Four police cars carrying eight officers made their way onto the Ingram estate. Driving in, behind the patrol cars, was Lamar Jr. and Grandma Lizzy. Behind them was a Cummins tractor with a flatbed trailer carrying a Caterpillar backhoe creeping up the steep driveway, leaving two double-tandem dump trucks bringing up the rear. Katherine Ingram was now tangled between the thoughts of her own existence and the survival of her own continuation. She couldn’t escape. She stood there in silence at the front door of the Ingram Mansion, wrapped in her housecoat and pajamas, her hair in disarray and no makeup, having been awakened only minutes earlier by the house servants.

Warrants were handed over to Katherine by Detective Langley while patrol cars and machinery were still coming up the driveway and getting into place. In Katherine’s eyes, she still saw herself as strong, powerful, and direct, with determination and an overwhelming will to see past the interruption in her daily schedule. There must be a mistake. There must be, and someone would pay. She was sure of it. What could these common people, these lowly police officers and this detective, think they were going to possibly find here?

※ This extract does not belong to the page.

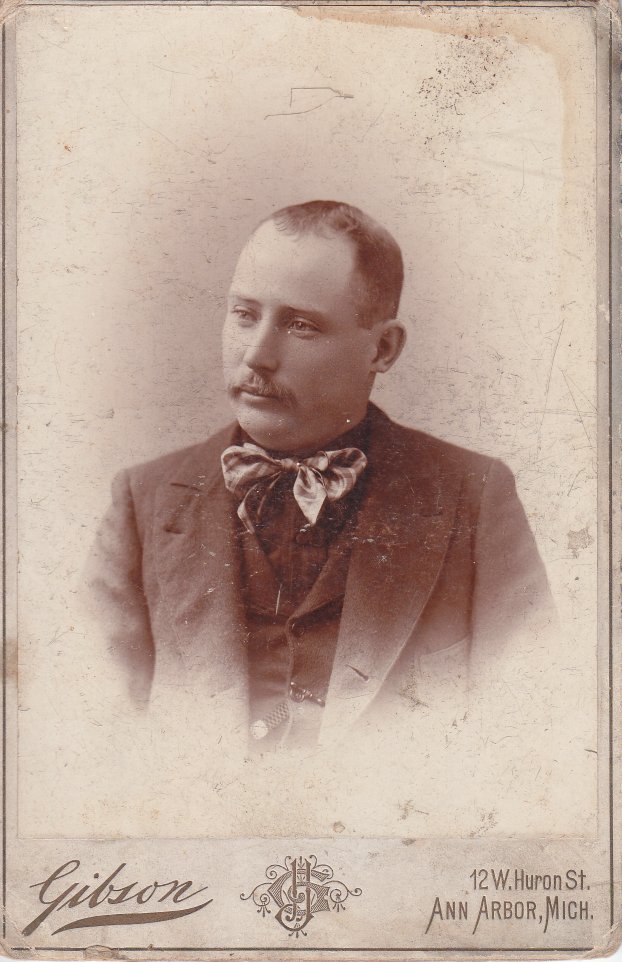 Charles G Ledsworth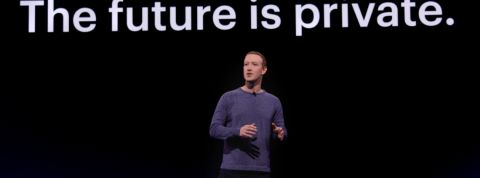 Le future sera privé pour Mark Zuckerberg un homme devant un écran noir sur lequel il est écrit The future is private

There was nothing to find. Nothing.

Katherine stood there like a statue. She felt wealth, power, and enough community influence would weather any action taken against her. She was in charge. She was going to get to the bottom of this. She was going to sue every one of these people that stood in front of her. Then she was going to take their jobs, take their livelihoods, and destroy each and every one of them. Every lawyer she knew was going to get a call, and these lowlifes had better leave now. Katherine continued to yell, continued to banter on and on as though something she said was going to make these people turn around and run for cover.

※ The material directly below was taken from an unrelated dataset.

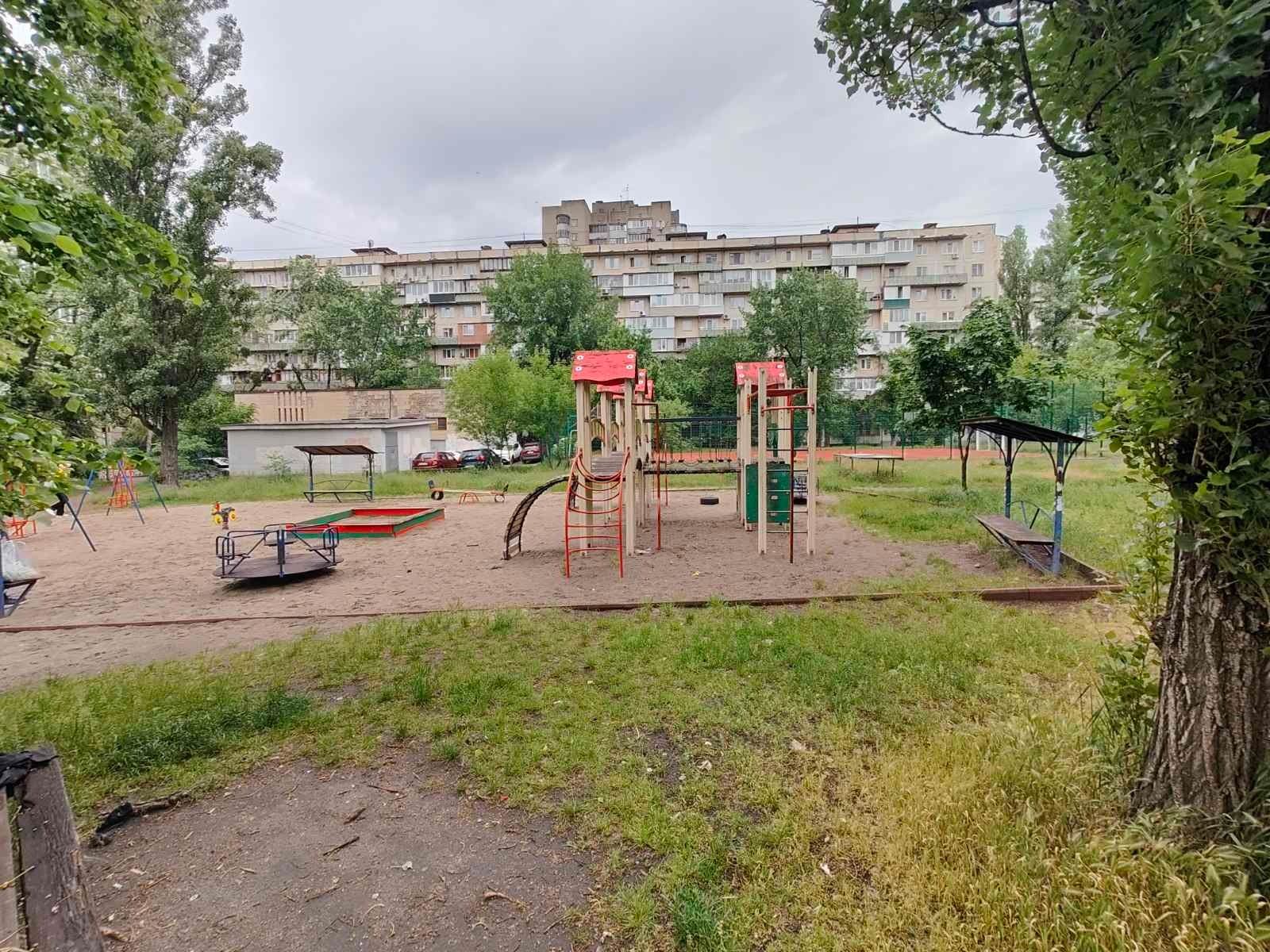 1833345454803986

This is how it worked. This is how she saw the outcome. She had lawyers. She knew her rights. She was in charge. She kept saying over and over in a loud, boorish voice that she was in charge. And then the shouting stopped.

“Shut up, Katherine!”
yelled a voice from the driveway. It wasn’t a loud voice, but within an instant, Katherine was paralyzed where she stood. She watched as Elizabeth Ingram was helped out of the passenger side of a car.

“Shut up, Katherine,” continued Elizabeth. “That’s enough. I don’t want to hear another word.”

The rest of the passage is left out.